In the example above we don’t even mention the technologies impacted; this doesn’t mean we aren’t learning from them. We can discuss the contributing factors and mitigators during the review meeting and in the incident report; folks will learn more about their systems and apply to their work. But we should also discuss the particular themes that made the incident happen the way it did. This leads to a richer understanding of the incident which in turn will enhance future resilience.
What isn’t a theme?
While there’s no specific definition of incident themes, there are a number of pitfalls you should avoid as you uncover themes in your incident.
Action items. If it can be solved with a pull request it’s not a takeaway. This does not mean we don’t address bugs during an incident review—we just don’t stop there.
Blaming or calling out. Maybe during your review meeting you learned that one individual or team “triggered” the incident. While it’s easy to say “so and so doesn’t know how to do their job,” it does not benefit anyone to stop the investigation there and can lead to folks losing trust in the post-incident process. Instead, we want to understand how events led to that person or team triggering the incident. Did they inherit some new technology they don’t completely understand? Are there gaps in the onboarding process? Is the on-call rotation not taking into account knowledge silos?
Anything too vague. While an incident’s theme can be applicable to other incidents, technologies, and even other organizations, they should always make us learn something! There’s a difference between “incidents happen during code freeze” and “engineering’s urgency to release quickly before the code freeze period may lead to rushing things without the usual/proper checks and balances, leading to an increase in incidents”.
What to do with these themes?
Now that you have a better idea of what we mean by themes and how to spot them, you should spread the wealth.

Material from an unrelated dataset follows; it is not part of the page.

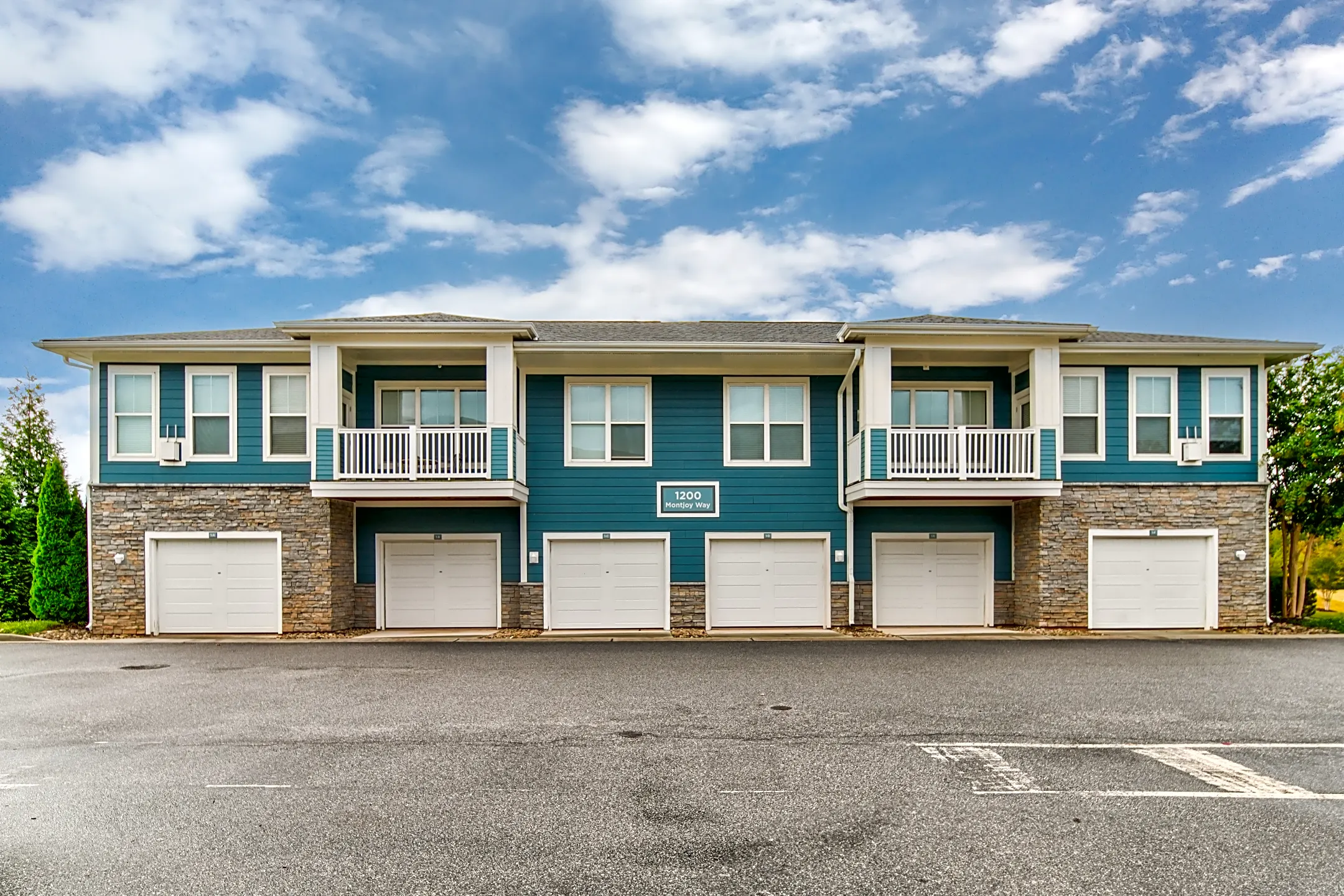 Mosby Poinsett Apartments 6001 Hampden Drive Greenville, SC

Just like with any other incident learnings, it’s not enough to have identified them. Your work will pay dividends when you share it with others. I like to include thematic takeaways in all of my incident outputs. When writing an executive summary I will usually include it alongside incident impact and action items. If you produce an incident report, make sure to have a section for takeaways. Talk about them in weekly updates, sprint retrospectives, and onboarding!
Spot them in other incidents
It seems that cross-incident analysis is on everyone’s minds nowadays. Instead of discussing the mean time to resolution of last quarter’s incidents, start looking at commonalities across incidents. How many incidents are related to a poor understanding of dependencies? Which incidents’ impact did we not understand due to insufficient data? We will explain cross-incident analysis further in a later blog post, but quality individual incident analysis is a requirement for cross-incident learnings.
Thematic analysis is a new skill, different from traditional root cause analysis or running action item focused reviews. The best way to get good at doing this work is by doing it; it may not be easy or perfect (perfect is certainly not required to provide value) at first but incident analysis is a muscle—the more you use it, the stronger it will be! So for your next review, spend some time (maybe 30 minutes) reviewing the narrative, jot down questions, and try to come up with two or three themes to discuss as a group.